SAOR PATROL: IL RITMO DELLA SCOZIA

saor patrol logo

di Manuel Leale

Alba Gu Bràth.

Sentii queste parole per la prima volta ormai molti anni fa, quando conobbi gli Saor Patrol, e prontamente ne chiesi subito la traduzione letterale, poiché il gaelico scozzese può essere molto ostico a chi non è avvezzo alle lingue goideliche. Ciò che però mi sfuggì, all’inizio, fu il vero significato dietro quella frase, quel senso profondo che da secoli accompagna un intero popolo, la cui identità culturale è salvaguardata con sforzi e impegno dai pochi che se ne sono accollati l’onere e l’onore, portando avanti con passione e dedizione le tradizioni di una nazione fiera e orgogliosa.

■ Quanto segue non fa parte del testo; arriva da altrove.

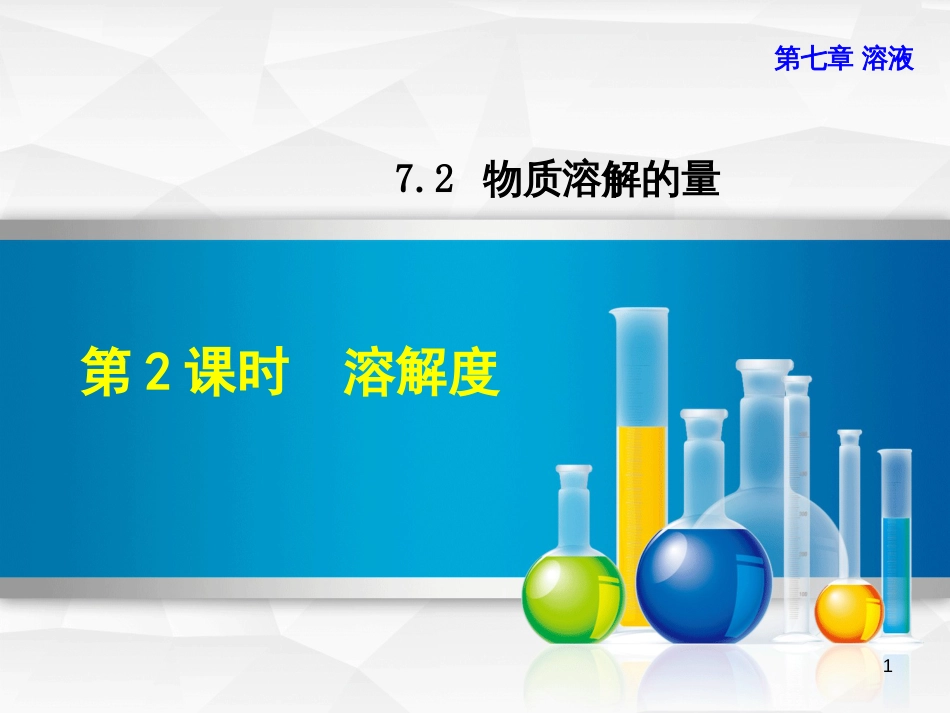 九年级化学下册 第七章 溶液 7.2 物质溶解的量 7.2.2 溶解度优质课件 （新版）粤教版_第1页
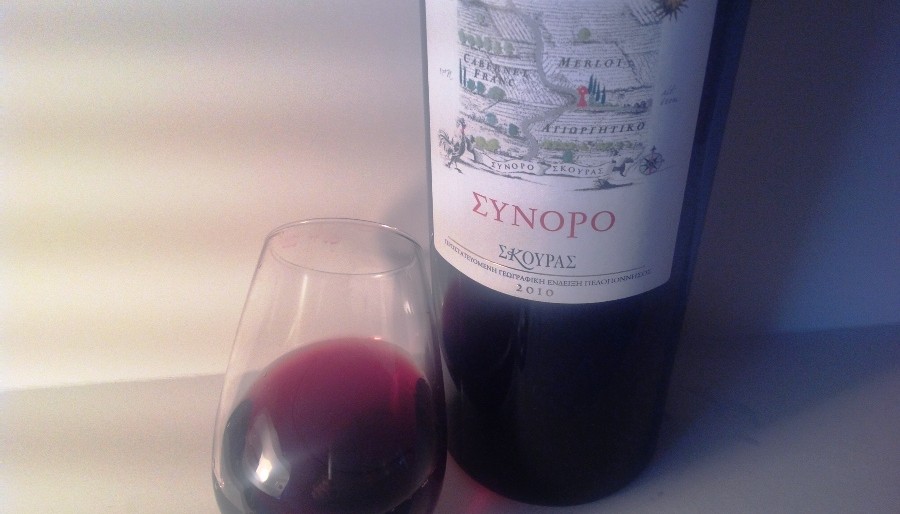 ΣΥΝΟΡΟ ΣΚΟΥΡΑΣ 2010 | Κριτικές Κρασιών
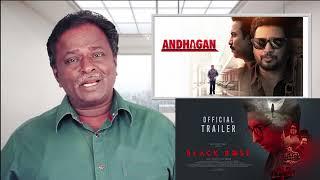 ANDHAGAN Review - Prashanth Simran - Tamil Talkies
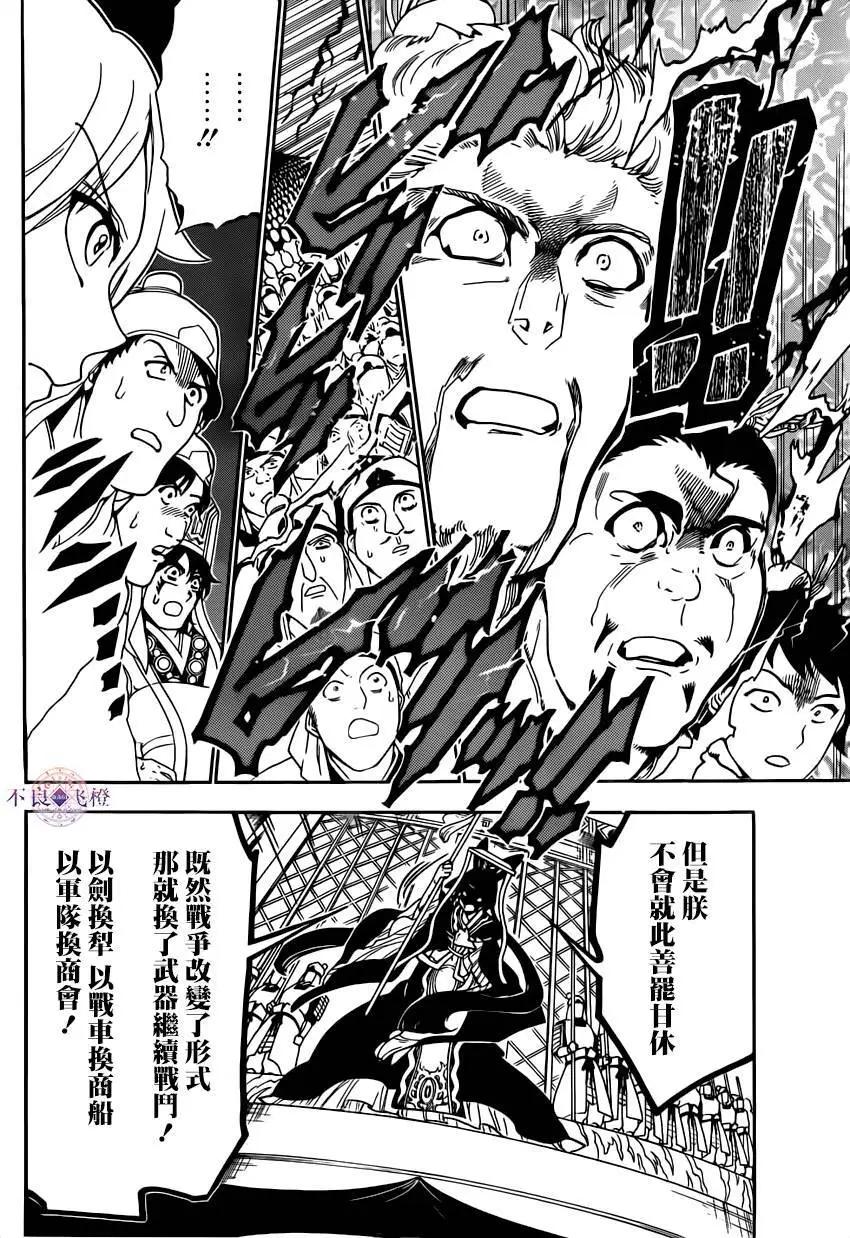 《MAGI魔奇少年》第292夜 第14页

Una nazione, la Scozia, che come tutti sapete è annessa al cosiddetto Regno Unito da molti secoli, dal 1707 ufficialmente, quando nacque il Regno di Gran Bretagna. Quello che forse non tutti sanno, però, è che nell’Ottobre dello scorso anno, il primo ministro inglese David Cameron e il tenace premier scozzese Alex Salmond hanno firmato l’accordo per consentire la consultazione che porterà il referendum del 2014, in cui la Scozia potrà decidere se dire addio al Regno Unito, pur restando un paese del Commonwealth. Un referendum di portata storica che potrebbe, se la maggioranza dei cittadini voterà a favore, ridare l’indipendenza sottratta a fasi alterne nei secoli passati.

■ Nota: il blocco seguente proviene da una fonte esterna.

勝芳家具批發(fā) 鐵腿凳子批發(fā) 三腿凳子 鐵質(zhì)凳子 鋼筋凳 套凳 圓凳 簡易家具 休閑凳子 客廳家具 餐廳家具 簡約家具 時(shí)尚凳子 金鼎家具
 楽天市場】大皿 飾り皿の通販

480208_10201193266663362_1380939217_nMa bando a storia e politica, la volontà di contestualizzare il lavoro degli Saor Patrol non sia fuorviante rispetto al reale motivo di questo articolo, parlare cioè di loro e della loro musica.

Gli Saor Patrol, nome in gaelico scozzese che significa “Pattuglia della Libertà”, nascono da un’idea di Charlie Allan, Chief Executive del Clanranald Trust for Scotland, associazione no profit fondata nel 1995, il cui obiettivo è preservare e divulgare la cultura e il patrimonio scozzese. E per far questo sono molteplici le loro iniziative, prima fra tutte l’edificazione di Duncarron, la riproduzione di un villaggio fortificato del medioevo scozzese nella Carron Valley. Un’opera di cui gli Saor Patrol sono portabandiera in tutto il mondo, considerato che con i loro concerti hanno girato cinque continenti e che hanno fatto conoscere anche in Italia grazie al festival “Lo Spirito del Pianeta”, manifestazione multiculturale in terra bergamasca dove sono ospiti fissi da parecchi anni.

Charlie Allan, classe 1963, attore, musicista, capo di Combat International e della SFMMA, la federazione scozzese di arti marziali medievali, è il leader e suonatore della a’ phìob mhòr, la Great Highland Bagpipe, cornamusa e strumento simbolo della Scozia. Accanto a lui, gli energici percussionisti Kev Johnston, Marcus Dickson, Mark Monaghan e il chitarrista Steve Legget, che a seconda dell’evento alla quale partecipano aggiunge il suo potente sound elettrico alla formula tradizionale del gruppo.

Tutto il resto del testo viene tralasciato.